[Web page caption snippets]
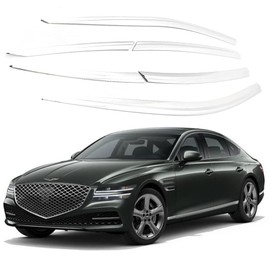 AUTOCLOVER Tape-On Rain Guards Window Visors 6 Pcs Set for Genesis G80 2021 2022 2023 2024 2025 / Window Deflectors, Out-Channel Vent Shades (Chrome)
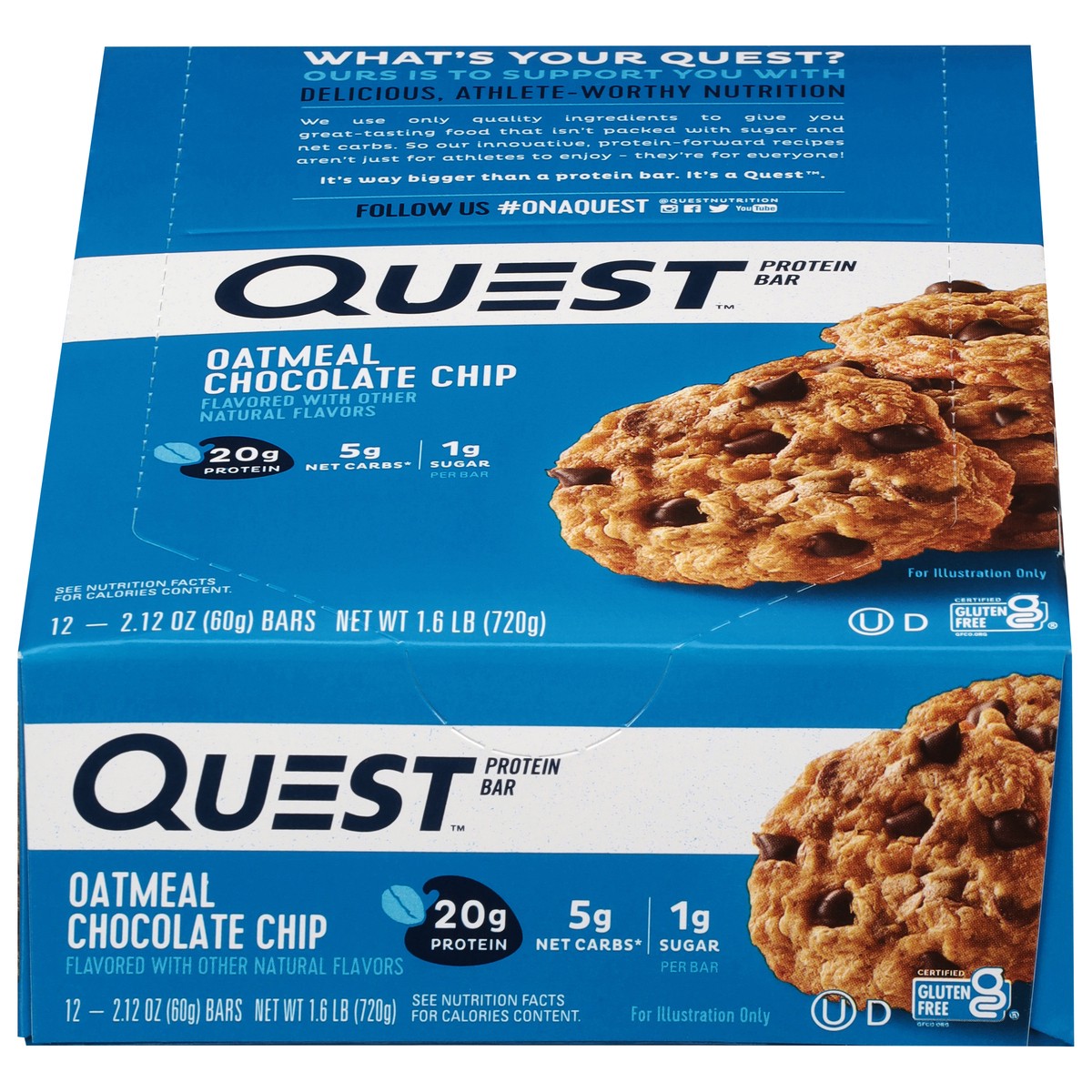 slide 1 of 9, Quest Oatmeal Chocolate Chip Protein Bar 12 - 2.12 oz Bars, 12 ct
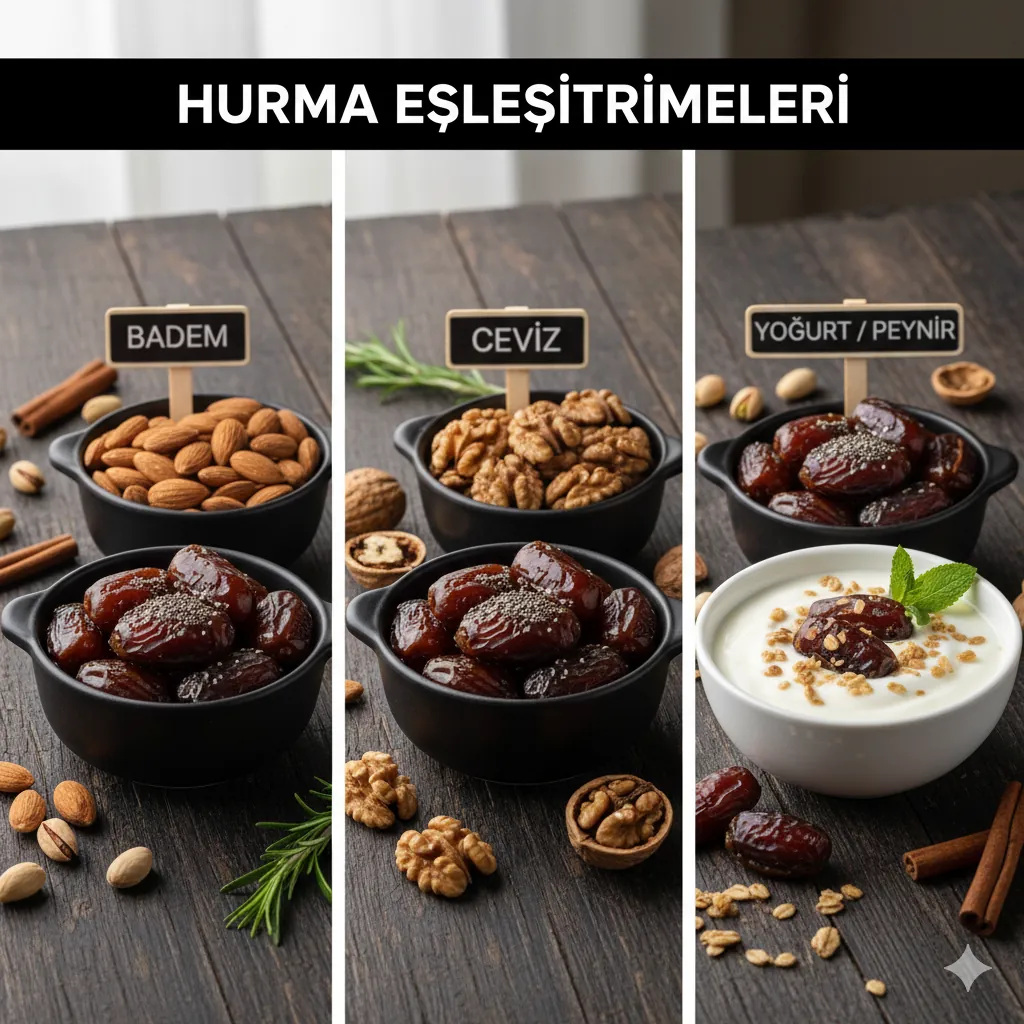 Porsiyon kontrolü ve eşleştirme: Hurma, tok tutması için mutlaka kuruyemiş veya protein ile birlikte tüketilmelidir.
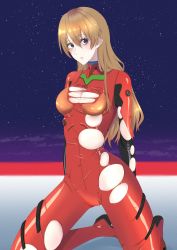 Rule 34 | 1girl, absurdres, artist request, blue eyes, blush, breasts, brown hair, cleavage, curvy, evangelion: 3.0+1.0 thrice upon a time, expressionless, gloves, hair down, highres, kneeling, long hair, looking at viewer, neon genesis evangelion, night, night sky, plugsuit, rebuild of evangelion, shiny clothes, simple background, sky, solo, souryuu asuka langley, torn clothes, very long hair, wide hips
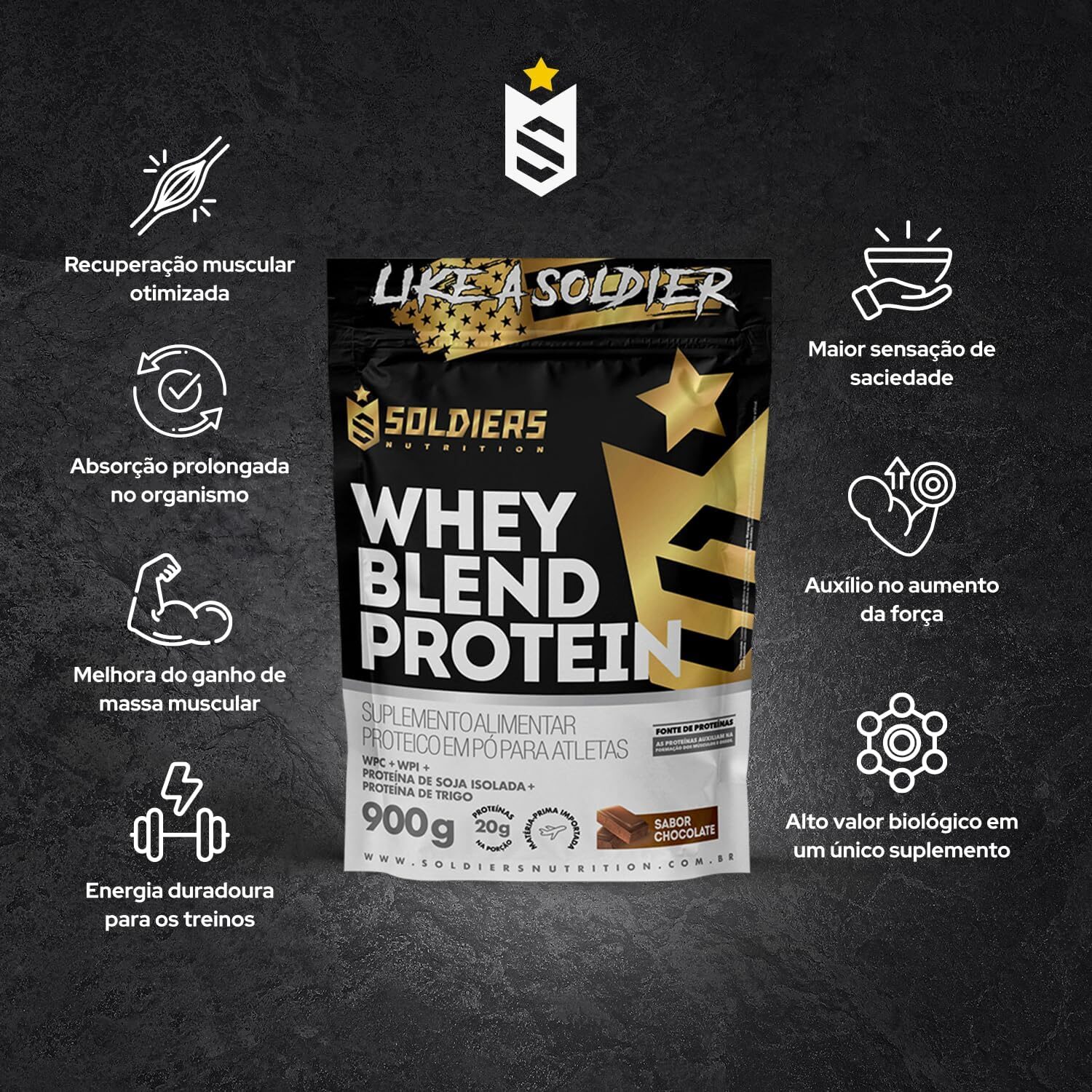 Whey Blend Protein Concentrado e Isolado - 900g - Soldiers Nutrition (900g, Chocolate) - Imagem 5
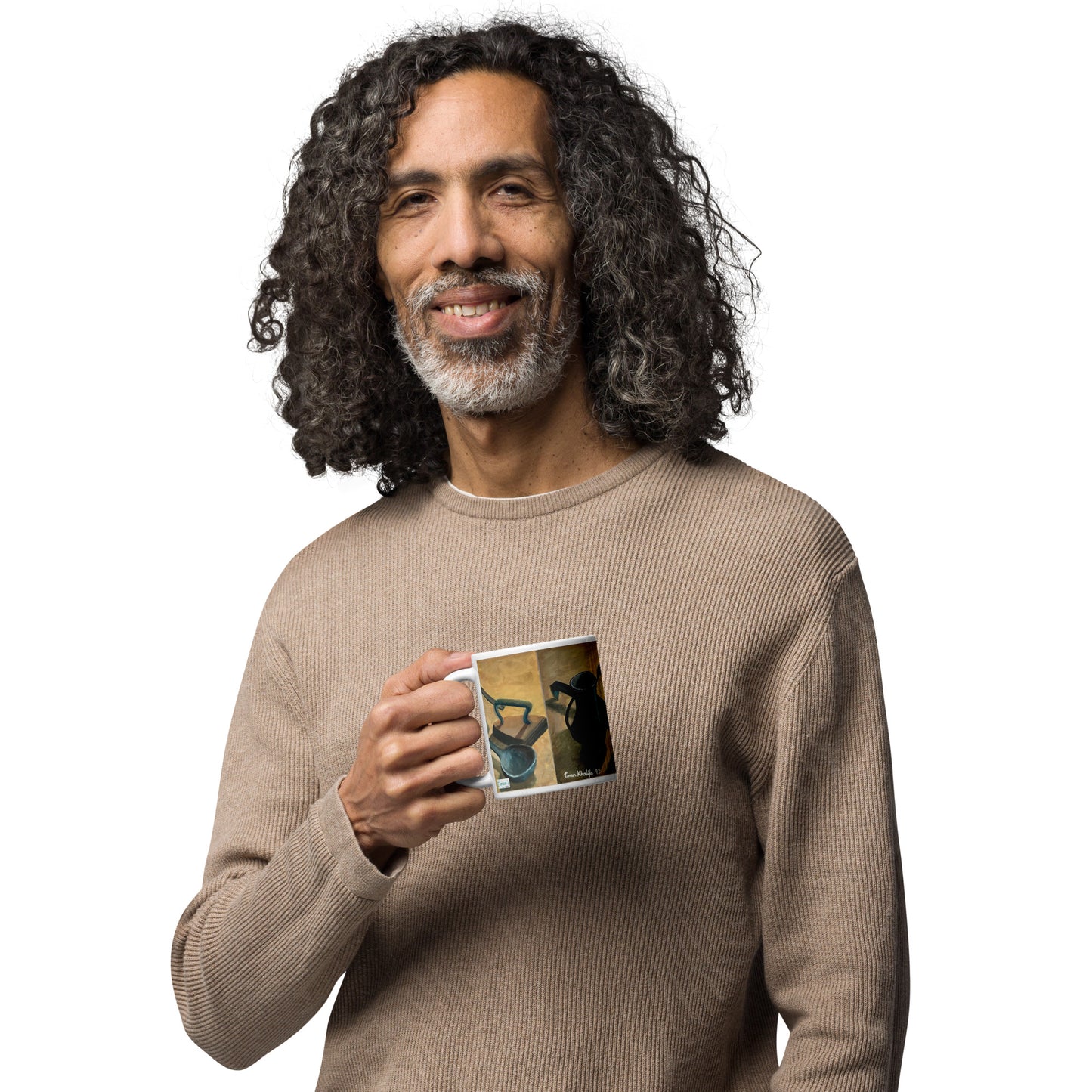 Ceramic mug printed with ‘Genesis of Form’ still life in soft neutral tones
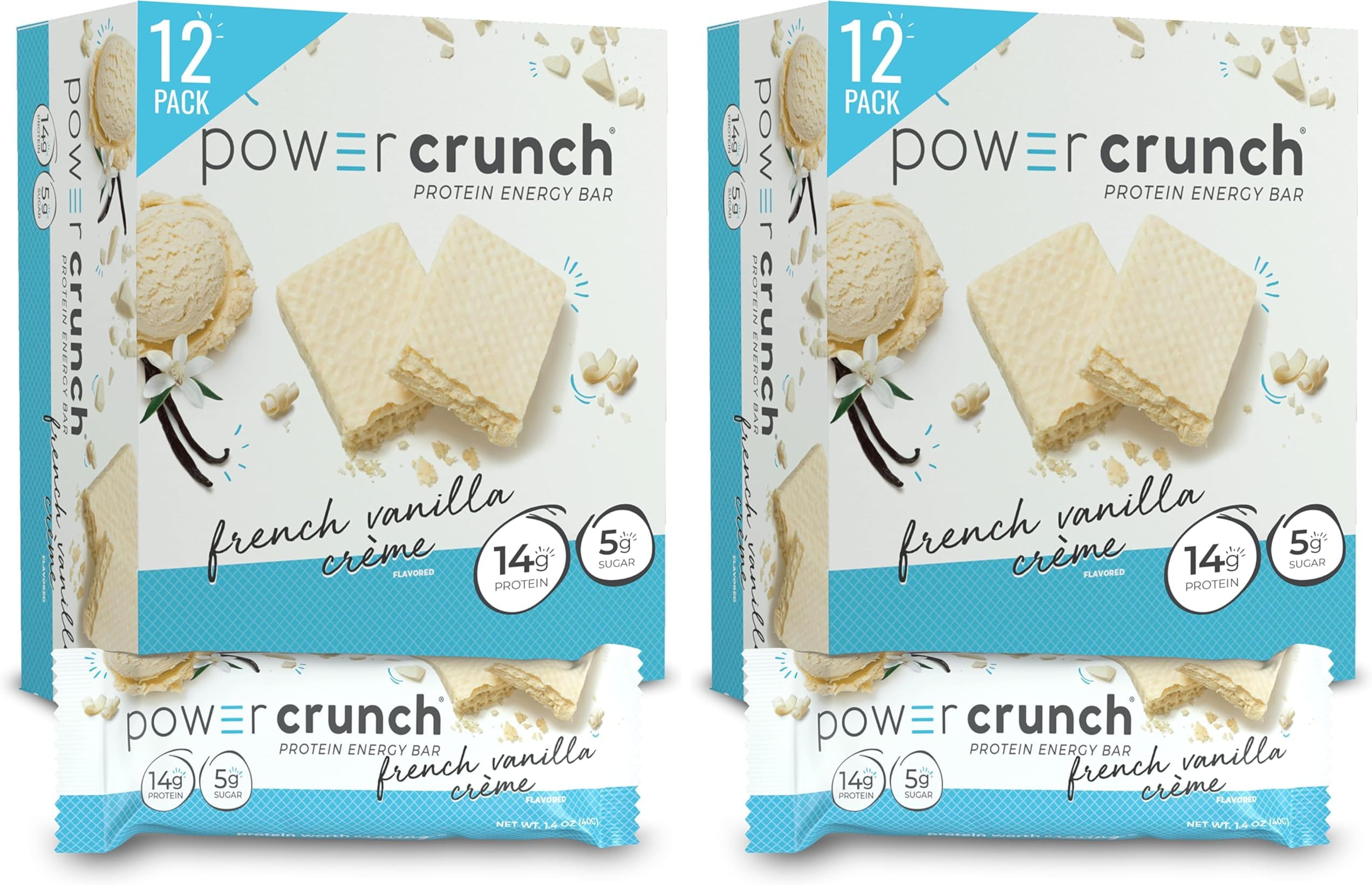 Protein Wafer Bars, High Protein Snacks with Delicious Taste, French Vanilla Creme, 1.4 Ounce (12 Count) (Pack of 2)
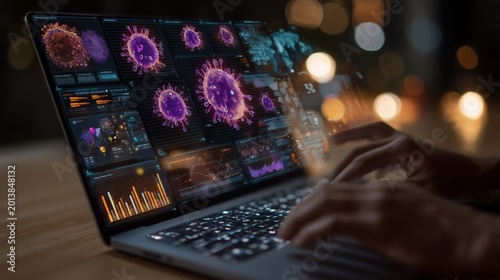 Hantavirus Research on Laptop with Futuristic Medical Infographics and Digital Virus Visualization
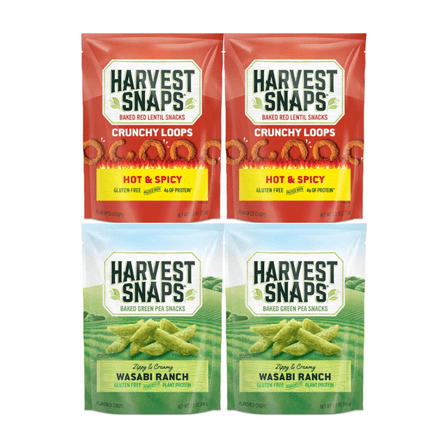 Harvest Snaps Veggie Chips Multipack – Hot & Spicy & Wasabi Ranch – 4 Count, 2 Each Flavor – Gluten Free, Plant-Based Protein, Healthy Crunchy Snack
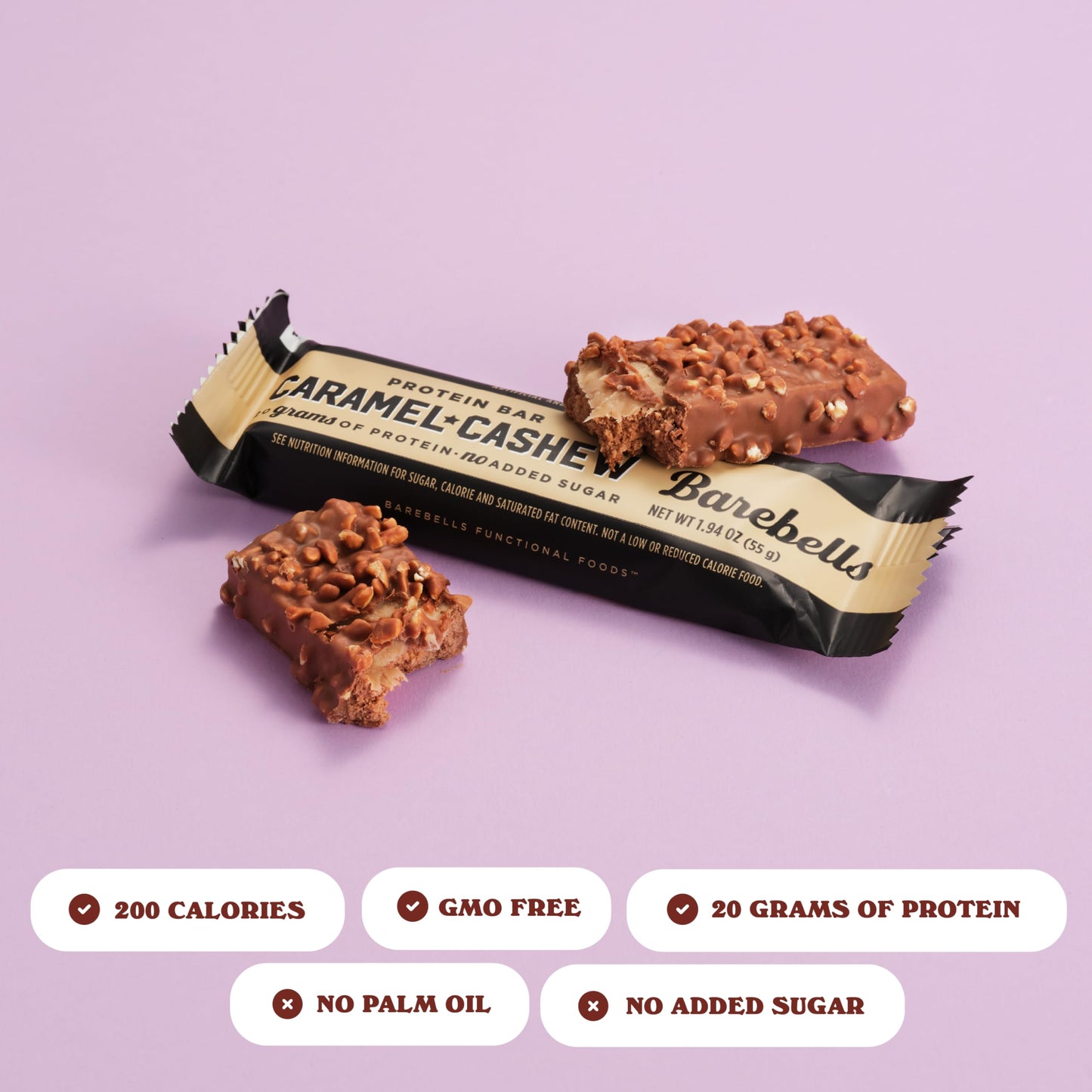 Barebells Protein Bars Caramel Cashew - 12 Count, 20g High Protein Treats - Chocolate Nutrition Bar with 1g Total Sugars - On-The-Go Breakfast or Post-Workout Snack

- _Task goal_: Please restate the lines above exactly, starting at the first line of the data and stopping at the line containing "Porsiyon kontrolü ve", which is included. Omit pictures.

- _Written response_:
 AUTOCLOVER Tape-On Rain Guards Window Visors 6 Pcs Set for Genesis G80 2021 2022 2023 2024 2025 / Window Deflectors, Out-Channel Vent Shades (Chrome)
 slide 1 of 9, Quest Oatmeal Chocolate Chip Protein Bar 12 - 2.12 oz Bars, 12 ct
 Porsiyon kontrolü ve eşleştirme: Hurma, tok tutması için mutlaka kuruyemiş veya protein ile birlikte tüketilmelidir.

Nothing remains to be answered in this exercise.